Attention, inattention de la lecture
image ci-dessus : Carl Spitzweg, Le rat de bibliothèque (1850)- détail.
En essayant d’écrire quelques propos sur la lecture, je souhaite ne pas répéter d’autres propos tenus sur cette question ou qui l’avoisinent. Je me souviens d’avoir ici ou là disserté sur le caractère créatif, sur la pente créative, considéré les agissements de toute herméneutique comme un acte de création au sens fort.
Ainsi, je découperai mon idée ici, en deux. D’une part, en regardant en quoi lire requiert une attention particulière, qui, ce faisant, d’autre part, pousse à l’inattention. La présence devant le livre ne répond pas, à mon sens, à la présence du livre. Il y a décalage.
L’imprimé, je le sais comme écrivain, demande, dans le meilleur des cas, de soutenir l’intellection du lecteur en pesant chaque virgule, la ponctuation, les images, les répétitions, enfin l’idée générale que l’ouvrage développe.
L’écrivain imagine un observateur absolu, un bibliophage idéal, pris, conscient de chaque virgule, apte à discerner dans les images les idées générales de sa publication. Il exige pour lui-même ce déchiffrage parfait auquel il travaille.
Or, dans la réalité, ce n’est pas pareil. Lire attentivement ne ressemble pas à ce que l’écrivain fait notamment au moment des relectures, lesquelles sont d’une exigence qu’il espère sans faille. Lire attentivement n’existe que relativement. On suit mieux cela que ceci, puis on baisse son attention pour rebondir un peu ailleurs, un peu au-delà, juste en reprenant fermement le joug minutieux de son décodage.
On agit à l’image d’un tailleur, découpant des étoffes, sans se soucier des pertes inhérentes à la couture, pour confectionner le livre comme son propre vêtement. On doit donc être attentif pour couper et coudre son propre grimoire, le manteau idéal où cette fois-ci la beauté ou l’intelligence deviendrait sensible, couvrant l’inquiète demande du lecteur, abolissant le désir momentanément, pour retomber sans cesse dans ce monde si clair de la littérature. Et aussi inattentif, pour agir quand même sous une forme d’automatisme créatif, et guidé par une part importante de l’inconscient.
L’inattention crée un univers parallèle, nourrissant le livre d’autre chose que des pages et leurs mots, prêtant son intelligence à l’observateur, son goût personnel de la beauté en trouant le texte, en dépiéçant presque inconsciemment la linéarité, le droit fil de l’écriture. Être inattentif, ce n’est pas perdre du texte. C’est flotter.

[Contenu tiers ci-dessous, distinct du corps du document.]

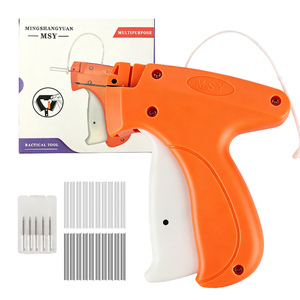 Pistola <span class=keywords><strong>de</strong></span> Coser Rápida para Reparación <span class=keywords><strong>de</strong></span> Ropa, Máquina <span class=keywords><strong>de</strong></span> Microcostura Portátil Instantánea, Accesorio <span class=keywords><strong>de</strong></span> Costura Duradero para Emergencias - Product Image 1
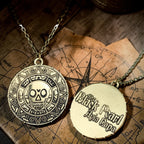 Collier emblématique "Pirates des Caraïbes"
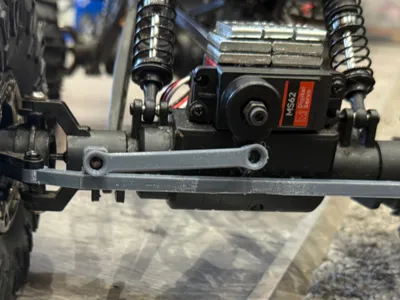 Ravine Servo Arm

C’est saisir un fragment, un bout, du langage. Entendre la voix du poète autre part, dans les fumées, les choses non dites, le chant devenant ainsi un exercice plus modal, une expérience musicale.
Le roman, le poème, le journal littéraire, la correspondance, expriment un texte qui s’immisce, qui tend, qui dévoile sa vérité dans ce qu’il ne dit pas, dans ce qui lui est absent, et alors, seulement, lire se conçoit comme un demi-sommeil, une sorte de demi-jour intellectuel, lequel reconstitue, refait l’ouvrage, le poème, la lettre de l’écrivain, ce qu’il ne sait lui-même probablement pas.